However, as we like to remind our readers every time we mention that unedifying statistic, about half all BDCs are profitable when dividends received so far are factored in.

If we were to end the year here this would be considered something of a “nothing burger” result but the good news – or maybe bad news – is that there’s still plenty of time for things to change, and we expect them to in the autumn and early winter.


WHERE WE ARE HEADED

Artfully Done

That’s the perfect segue for our weekly peer into an unknowable future, but which we tackle anyway.

Frankly, we don’t have much to add above what we said at the top and in prior editions of the Recap.

No Spark

Our only contribution is that – from this vantage point – we don’t see many catalysts for BDC price changes until the next Fed meeting in mid-September.

The markets may jump around following one bit of of economic data or another but any meaningful change will probably wait till the Fed opines, unless the Trump Administration does more than complain and actively seeks to upend both Chairman Powell and his acolytes first.

We won’t be hearing from the BDCs themselves for IIIQ 2025 earnings season till early November – which seems like an age away.

(Note that Prospect Capital (PSEC) – an “idiosyncratic” BDC if there ever was one – will be reporting its fiscal year results through June 2025 next week).

A long stretch lies ahead where macro developments will be the factor most likely to move BDC prices.

Shaggy Dog Story

However, as we’ve said above, even a September rate cut of 25 basis points won’t truly give us a sense of direction because we might be “one and done” situation or “the first of many”.
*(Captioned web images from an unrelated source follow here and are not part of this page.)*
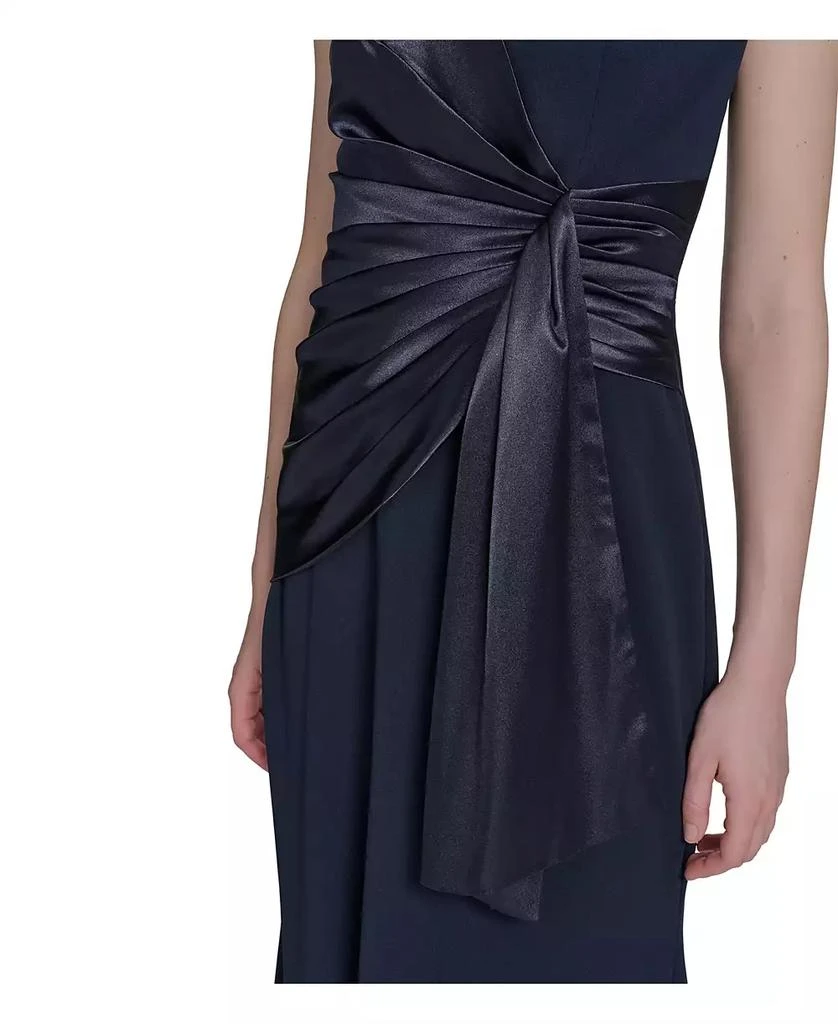 Eliza J Petites Off-The-Shoulder Wrap-Accent Gown 5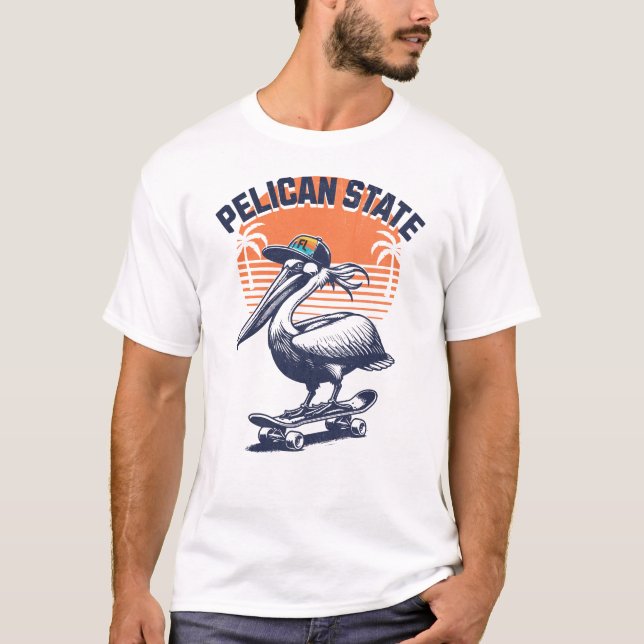 Camiseta Pelican State Vintage Florida  (Anverso)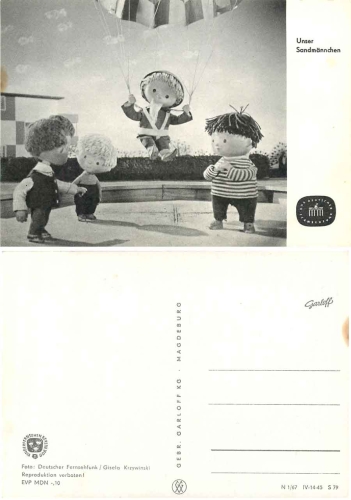 Unser Sandmännchen als Fallschirmspringer S79 DDR Kinderfernsehen *1967 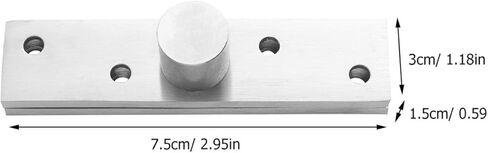 VALICLUD 2pcs 360 Degree Rotation Pivot Door Hinges Small Size Stainless Steel Hidden Heavy Duty Pivot Hinges for Shed Windows and Industrial Doors in Kuwait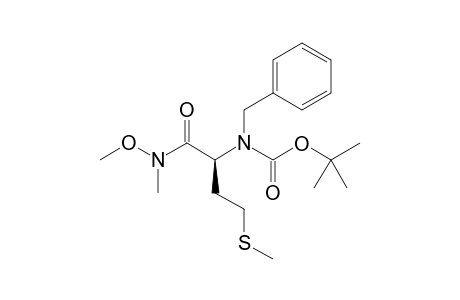 tert-butyl N-benzyl-N-[(1S)-1-[methoxy(methyl)carbamoyl]-3-methylsulfanyl-propyl]carbamate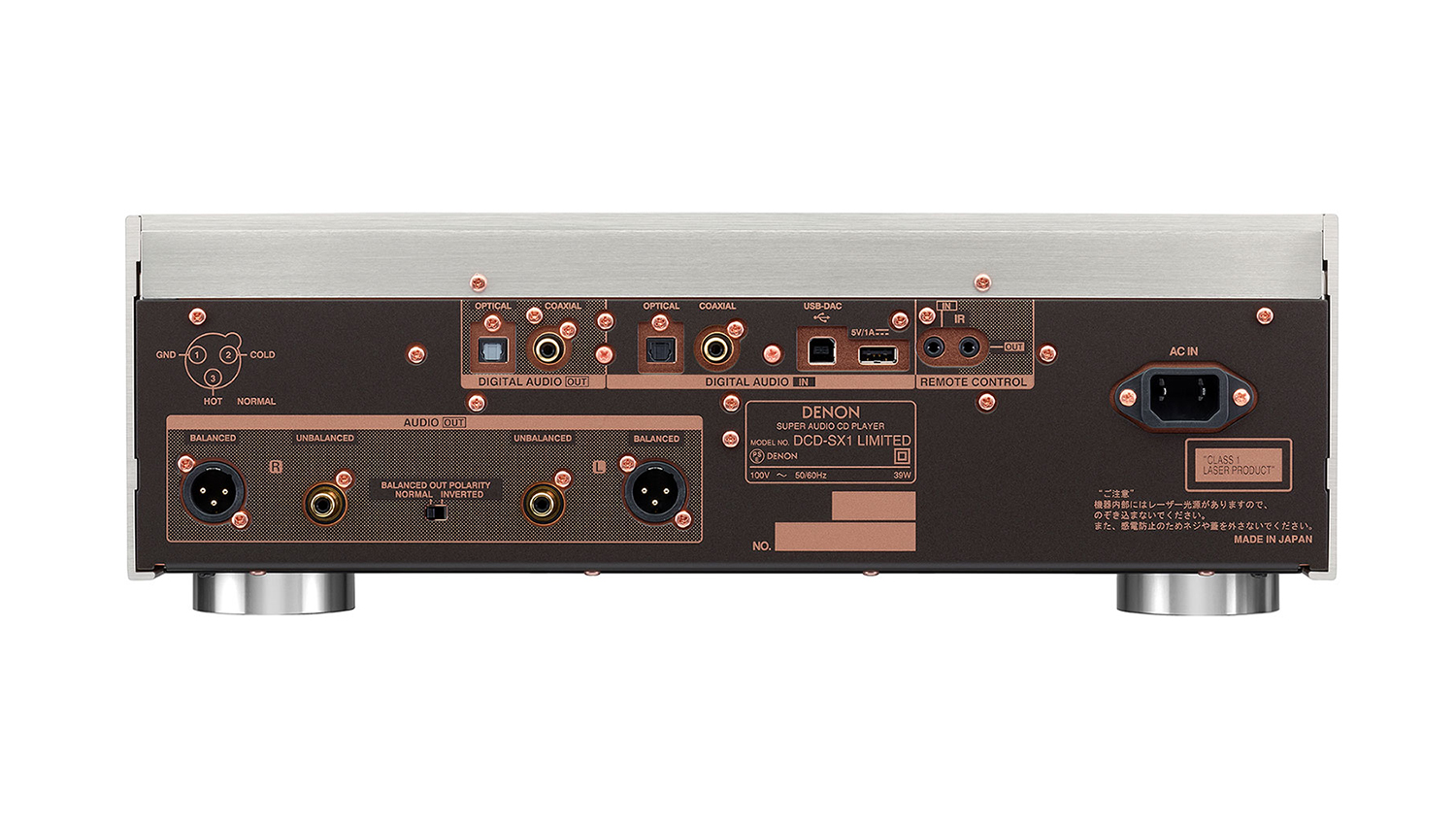 mặt sau Đầu Denon DCD-SX1
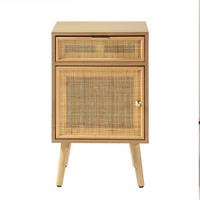 NACHTTISCH mit natürlichem Rattangeflecht - Apfelbaumfarben, Holzwerkstoff (36.5/71/42cm) - Calicosy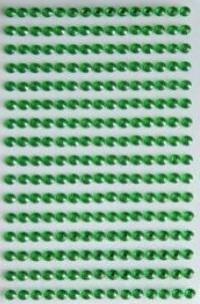 Opakowanie Dżety samoprzylepne zielone 6mm 140szt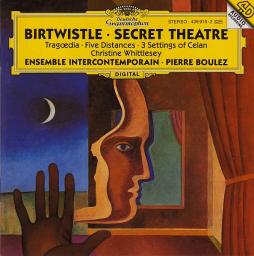 Tragoedia - Five Distances - Three Settings Of Celan (Boulez) di Birtwistle Harrison (1934-2022) - LP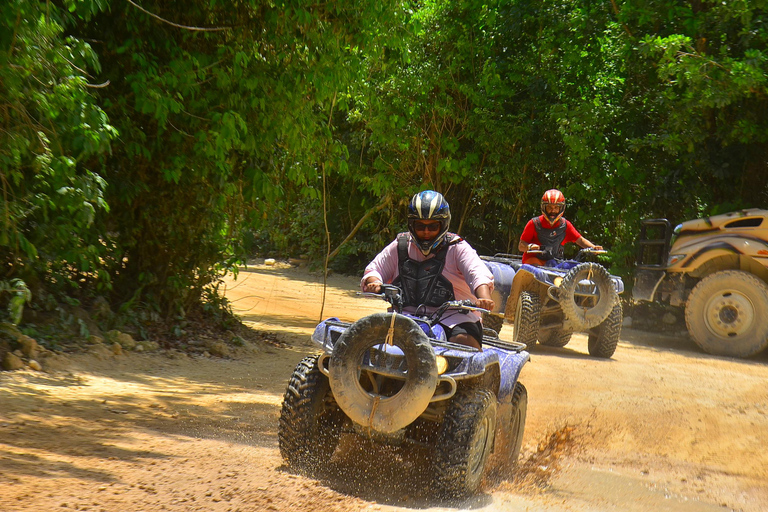 Cancun: ATV, Ziplines and Cenote Adventure in the Jungle Jungle Adventure: ATV, Ziplining & Cenote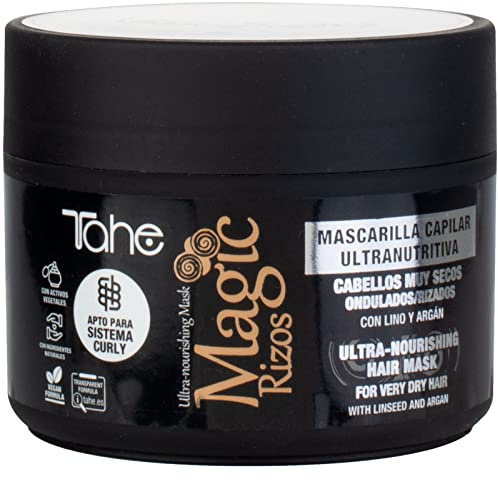 Tahe Magic Rizos Ultra-nährende Haarmaske, ideal für lockiges und sehr trockenes Haar (300 ml)
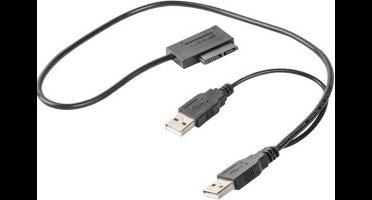 Cablexpert USB2.0 naar Slim SATA converter - 0,50 meter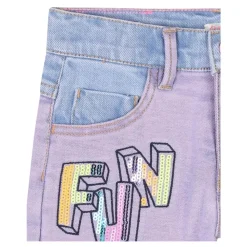 Farbige Denimshorts><noscript><img width=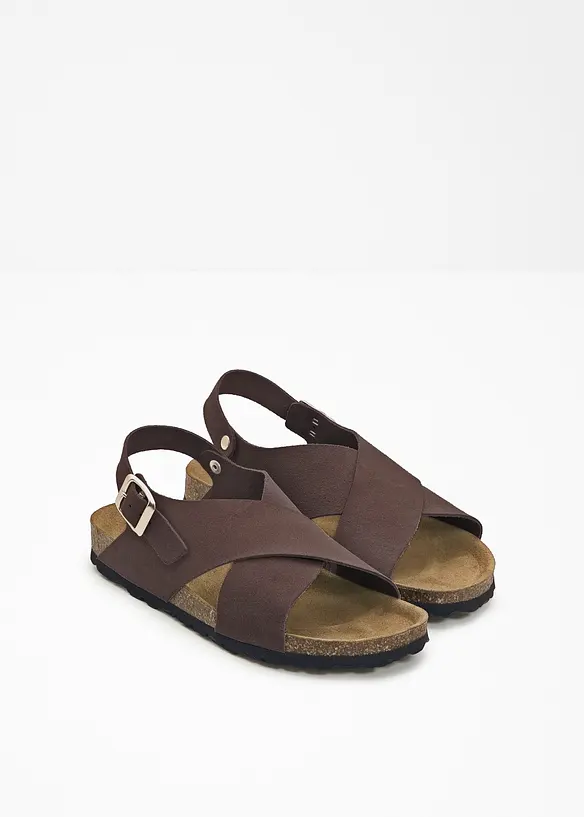 Sandales en cuir, bonprix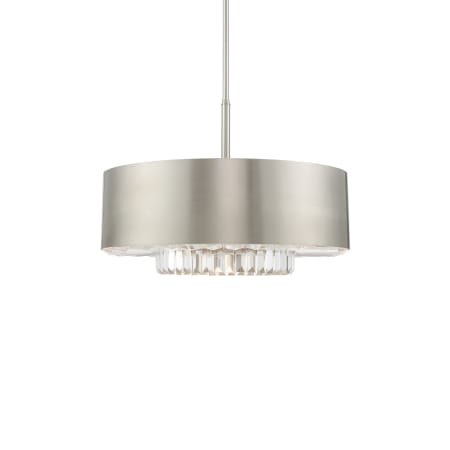 Livex Lighting Madison 6 Light 24" Wide Crystal Drum Chandelier Brushed Nickel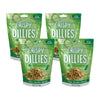 Fresh Gourmet Crispy Dillies, Pickle Flavored Fried Cucumbers 3.5 Ounce (Pack of 4)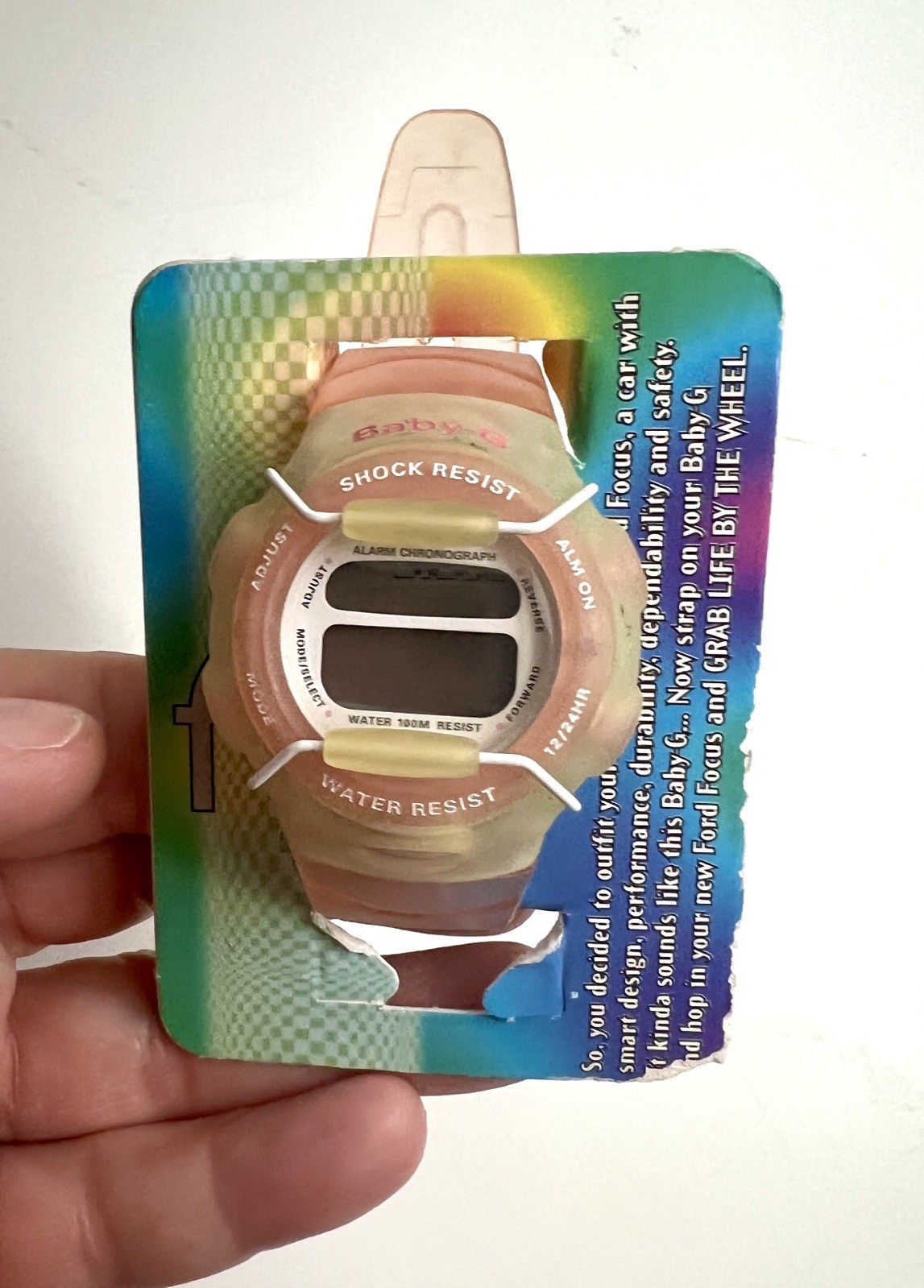 New CASIO vintage BABY-G pink BG-142 Original Ford Focus Packaging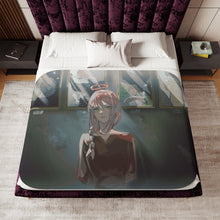 Load image into Gallery viewer, Anime Chainsaw Man Sherpa Blanket
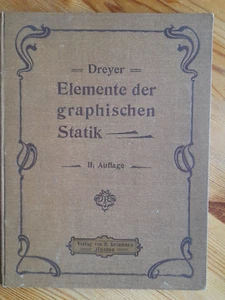 Elemente der Graphostatig. Ein Lehrbuch . Anwendung auf den Maschinenbau. - Bild 1 von 1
Maybe the picture won’t be clear till May 2026 when Chairman Powell’s term as supreme leader ends.

It Could Happen

Should the Administration gain control over the levers of monetary policy at that point, the picture might get clearer as rates get slashed, and quickly.

Need we say that won’t be good for BDC earnings and will radically re-shape the financial world we’ve known all our lives.

That’s saying something because the BDC Reporter is long in the years and has never had to contend a situation when the government holds all the leashes of our capitalist system.